Task goal
Give the entries below again, word for word, and leave out the images.

Supplied data
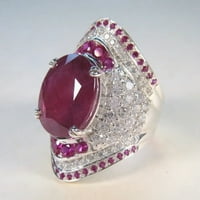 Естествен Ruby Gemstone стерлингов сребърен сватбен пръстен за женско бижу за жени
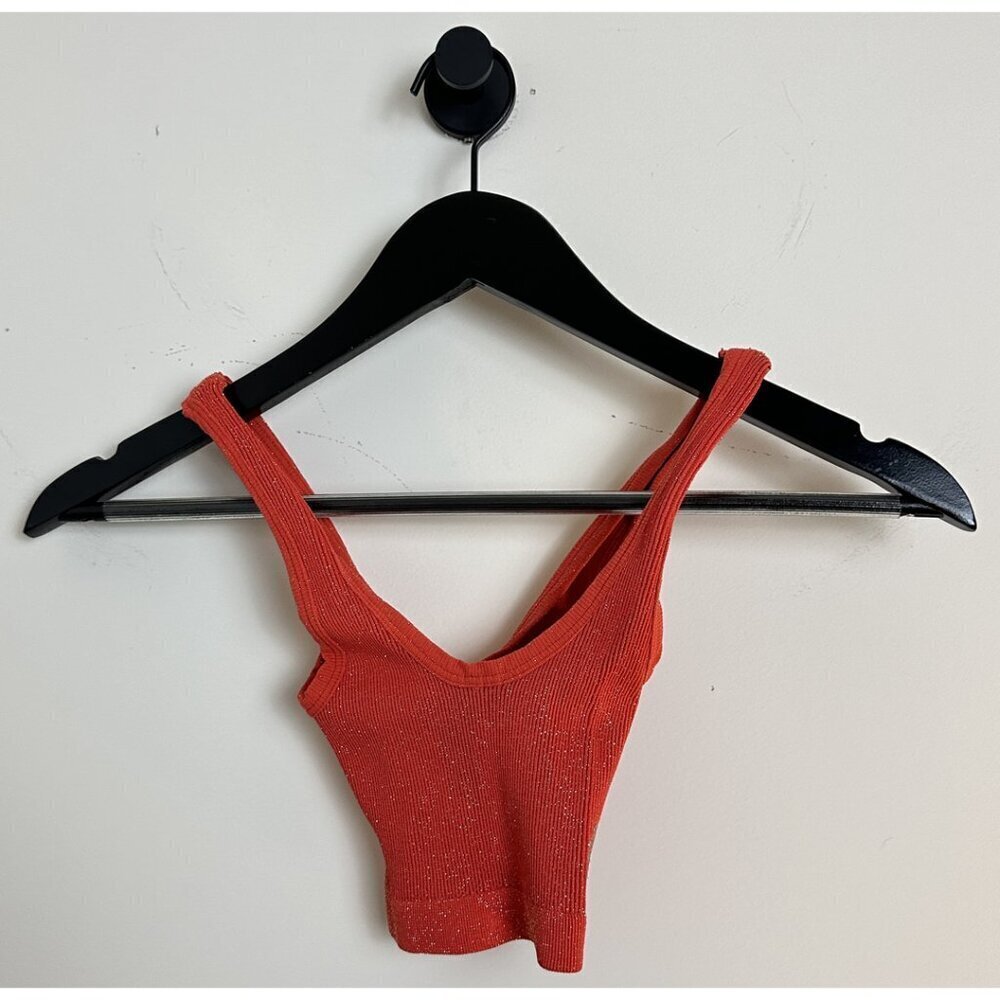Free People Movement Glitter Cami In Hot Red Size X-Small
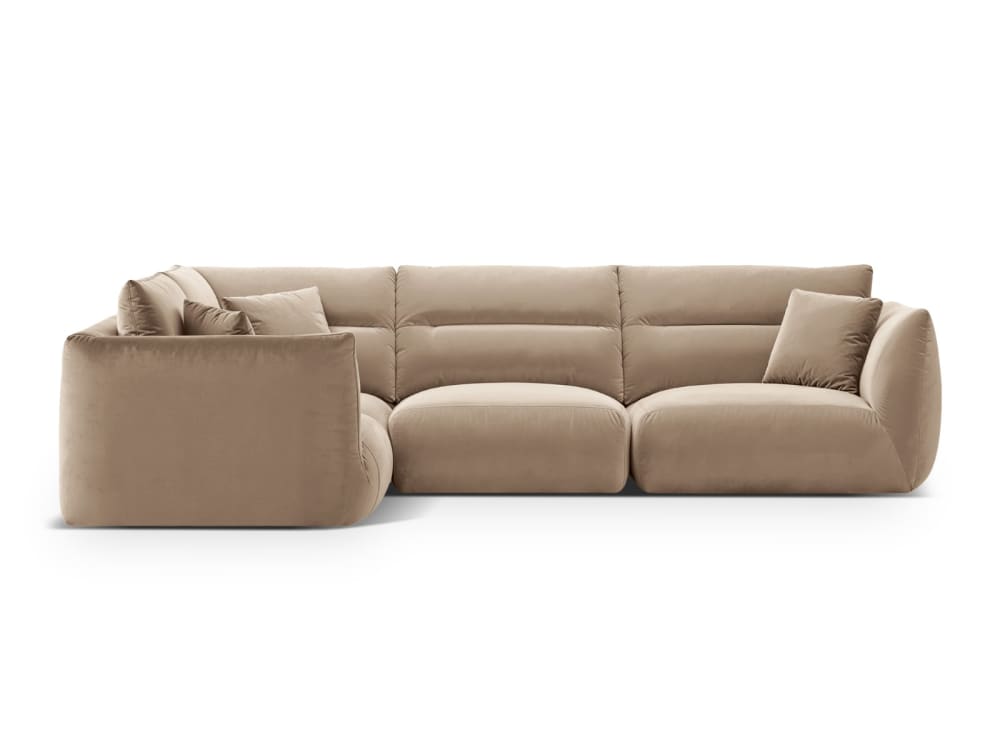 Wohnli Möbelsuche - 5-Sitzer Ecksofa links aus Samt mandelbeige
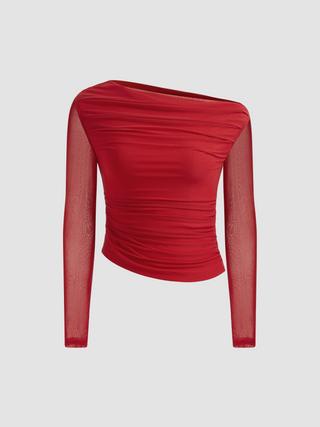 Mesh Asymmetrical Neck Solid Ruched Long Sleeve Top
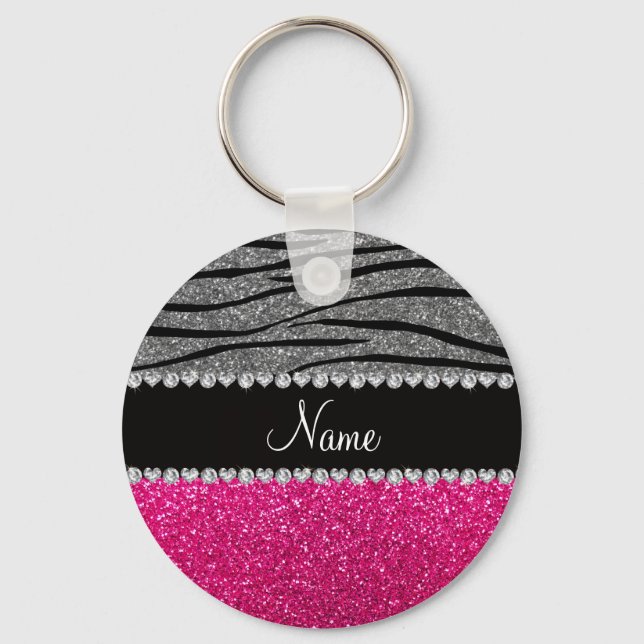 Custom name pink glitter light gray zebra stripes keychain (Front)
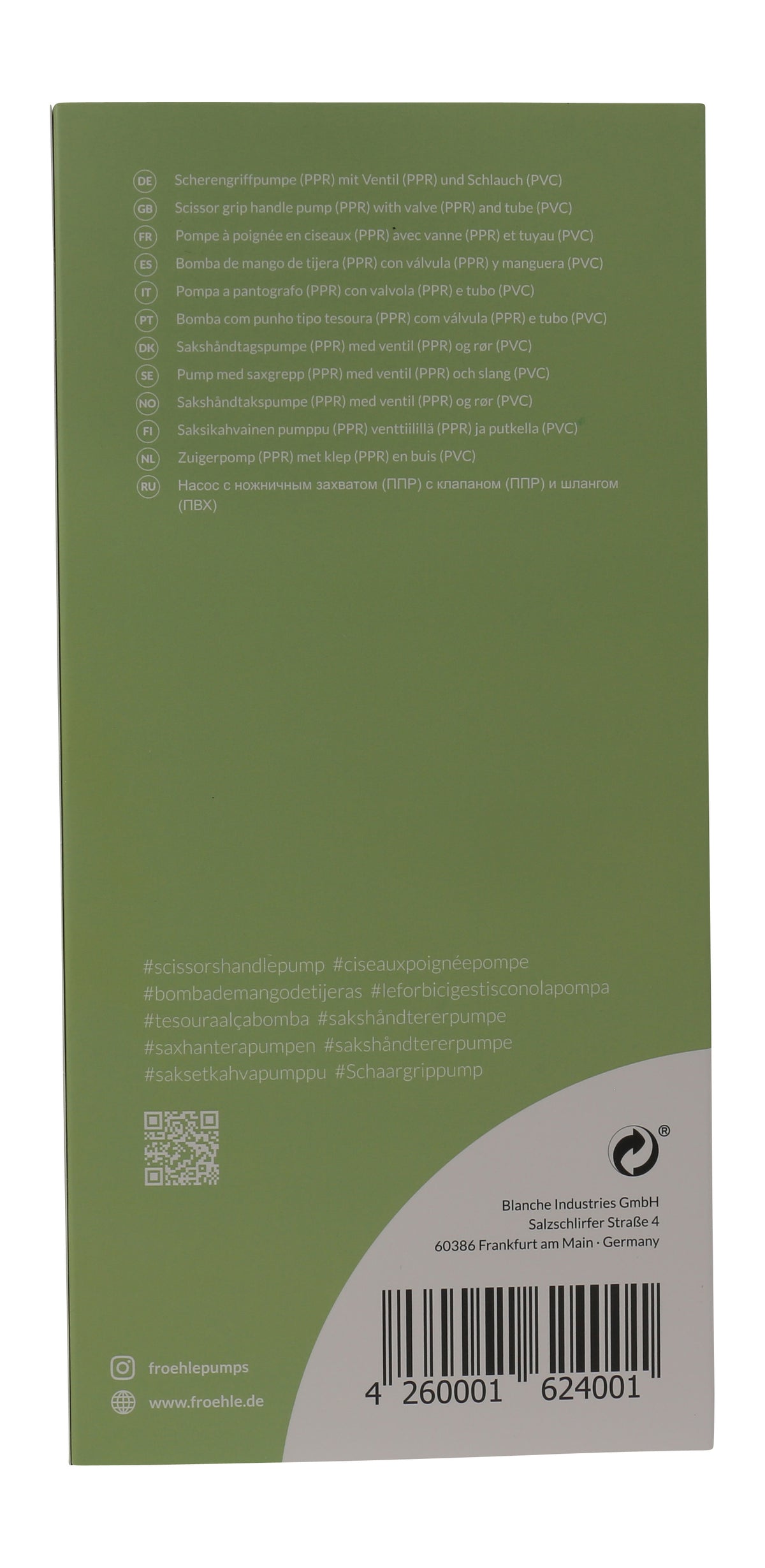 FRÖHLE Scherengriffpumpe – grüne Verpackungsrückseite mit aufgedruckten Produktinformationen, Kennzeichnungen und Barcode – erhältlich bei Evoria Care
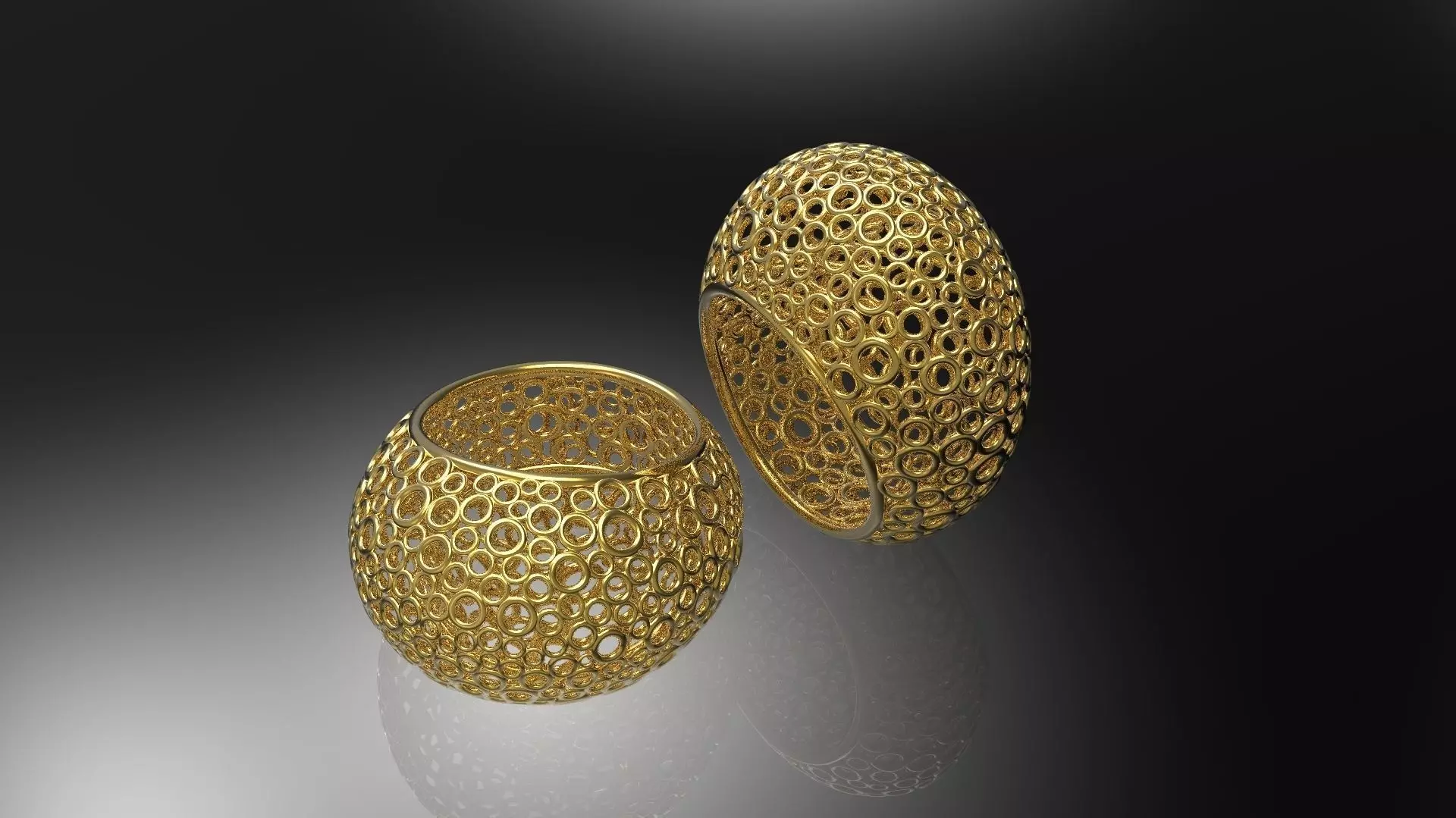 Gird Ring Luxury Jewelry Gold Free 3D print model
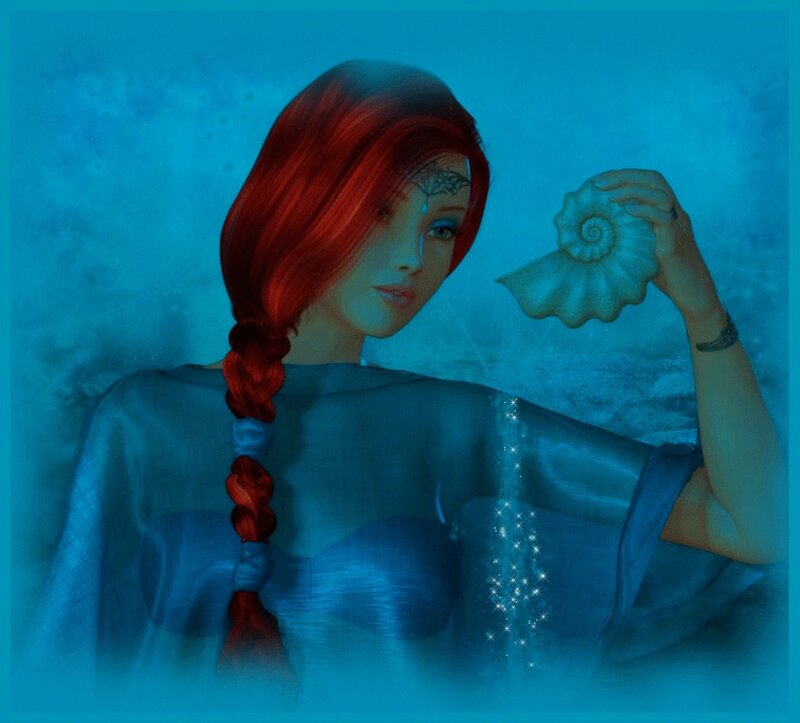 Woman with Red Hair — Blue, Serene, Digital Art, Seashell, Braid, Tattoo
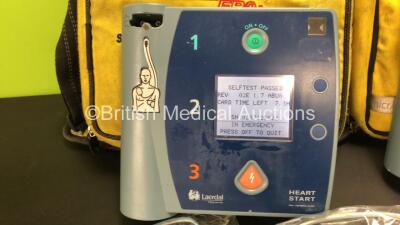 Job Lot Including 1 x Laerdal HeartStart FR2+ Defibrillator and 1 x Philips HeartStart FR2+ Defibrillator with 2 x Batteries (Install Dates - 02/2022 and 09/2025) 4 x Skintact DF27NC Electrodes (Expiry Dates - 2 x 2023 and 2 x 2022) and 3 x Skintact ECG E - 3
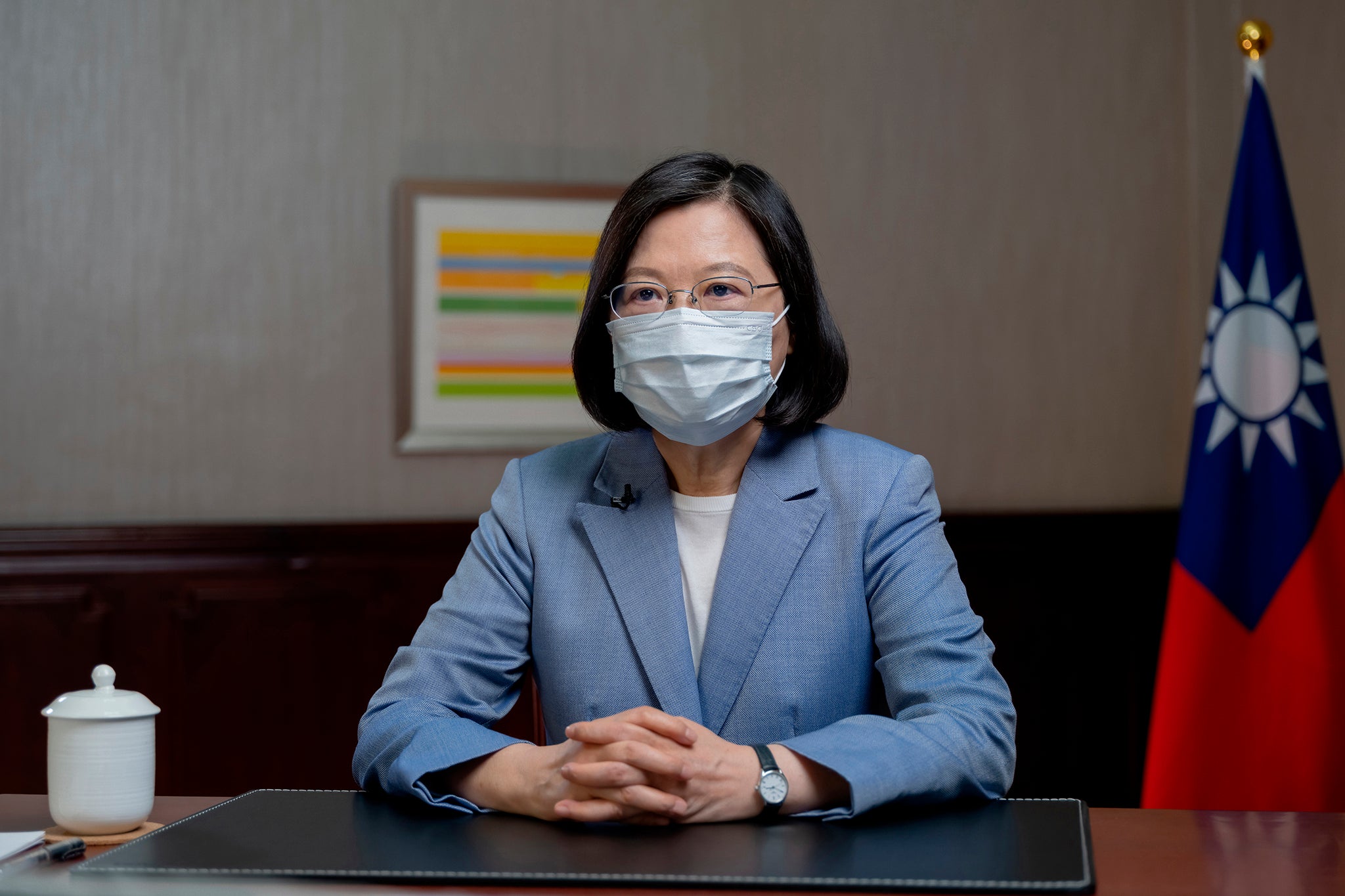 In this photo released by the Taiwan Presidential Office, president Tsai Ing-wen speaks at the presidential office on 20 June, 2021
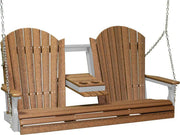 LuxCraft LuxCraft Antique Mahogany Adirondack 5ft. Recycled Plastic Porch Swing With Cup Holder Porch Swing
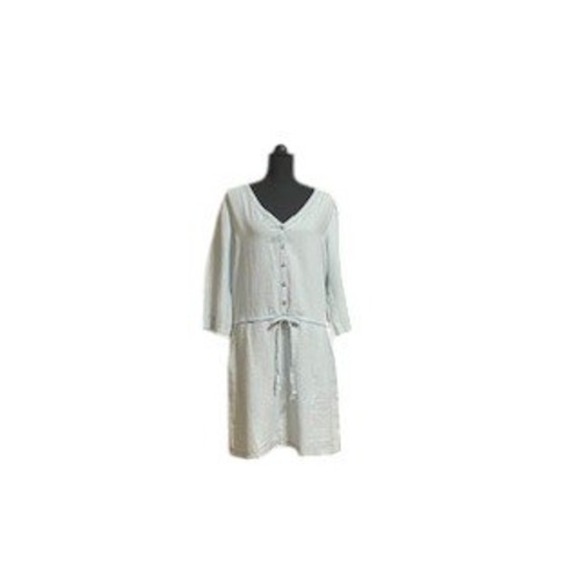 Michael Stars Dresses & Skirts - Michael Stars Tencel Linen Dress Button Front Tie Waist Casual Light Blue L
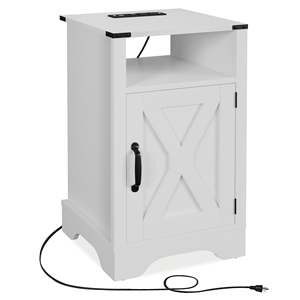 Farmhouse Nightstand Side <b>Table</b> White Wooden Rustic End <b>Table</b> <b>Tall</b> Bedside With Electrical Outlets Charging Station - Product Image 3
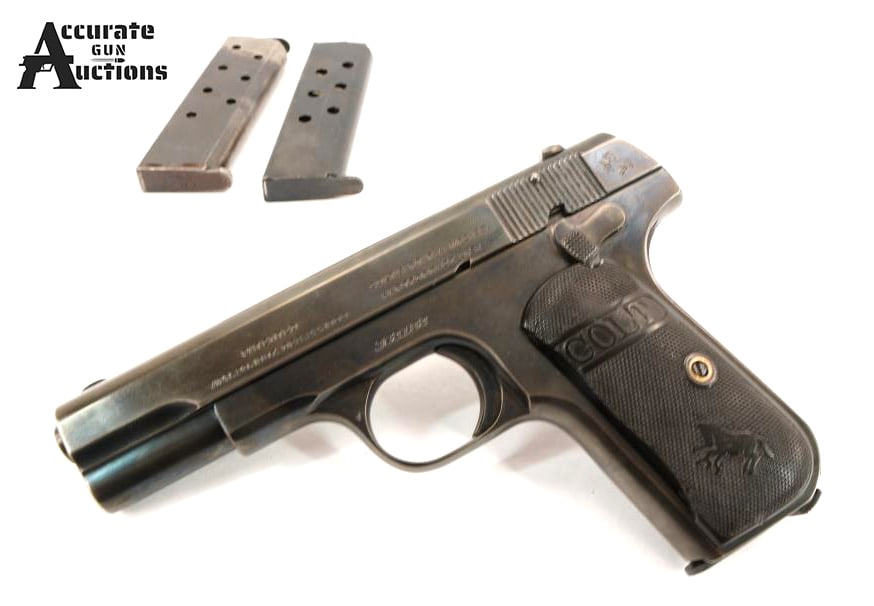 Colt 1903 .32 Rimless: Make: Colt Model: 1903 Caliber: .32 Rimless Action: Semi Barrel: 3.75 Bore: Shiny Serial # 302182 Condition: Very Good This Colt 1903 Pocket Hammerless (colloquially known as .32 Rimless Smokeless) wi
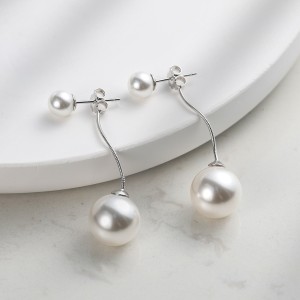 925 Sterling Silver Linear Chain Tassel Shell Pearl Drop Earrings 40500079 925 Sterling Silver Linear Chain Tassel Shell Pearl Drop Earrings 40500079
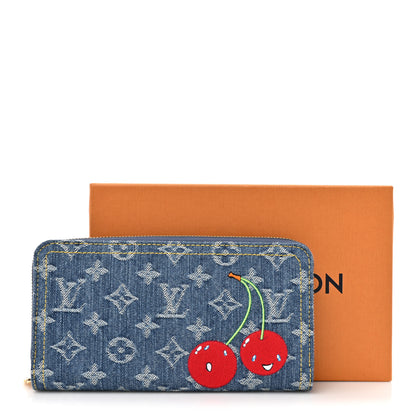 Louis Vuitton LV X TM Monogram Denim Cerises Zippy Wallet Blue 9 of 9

Result for this task
 Естествен Ruby Gemstone стерлингов сребърен сватбен пръстен за женско бижу за жени
Free People Movement Glitter Cami In Hot Red Size X-Small
 Wohnli Möbelsuche - 5-Sitzer Ecksofa links aus Samt mandelbeige
 Mesh Asymmetrical Neck Solid Ruched Long Sleeve Top
 Custom name pink glitter light gray zebra stripes keychain (Front)
 FRÖHLE Scherengriffpumpe – grüne Verpackungsrückseite mit aufgedruckten Produktinformationen, Kennzeichnungen und Barcode – erhältlich bei Evoria Care
 Gird Ring Luxury Jewelry Gold Free 3D print model
 Woman with Red Hair — Blue, Serene, Digital Art, Seashell, Braid, Tattoo
 Job Lot Including 1 x Laerdal HeartStart FR2+ Defibrillator and 1 x Philips HeartStart FR2+ Defibrillator with 2 x Batteries (Install Dates - 02/2022 and 09/2025) 4 x Skintact DF27NC Electrodes (Expiry Dates - 2 x 2023 and 2 x 2022) and 3 x Skintact ECG E - 3
 In this photo released by the Taiwan Presidential Office, president Tsai Ing-wen speaks at the presidential office on 20 June, 2021
 LuxCraft LuxCraft Antique Mahogany Adirondack 5ft. Recycled Plastic Porch Swing With Cup Holder Porch Swing
 Michael Stars Dresses & Skirts - Michael Stars Tencel Linen Dress Button Front Tie Waist Casual Light Blue L
 Farmhouse Nightstand Side <b>Table</b> White Wooden Rustic End <b>Table</b> <b>Tall</b> Bedside With Electrical Outlets Charging Station - Product Image 3
 Colt 1903 .32 Rimless: Make: Colt Model: 1903 Caliber: .32 Rimless Action: Semi Barrel: 3.75 Bore: Shiny Serial # 302182 Condition: Very Good This Colt 1903 Pocket Hammerless (colloquially known as .32 Rimless Smokeless) wi
 925 Sterling Silver Linear Chain Tassel Shell Pearl Drop Earrings 40500079 925 Sterling Silver Linear Chain Tassel Shell Pearl Drop Earrings 40500079
 Louis Vuitton LV X TM Monogram Denim Cerises Zippy Wallet Blue 9 of 9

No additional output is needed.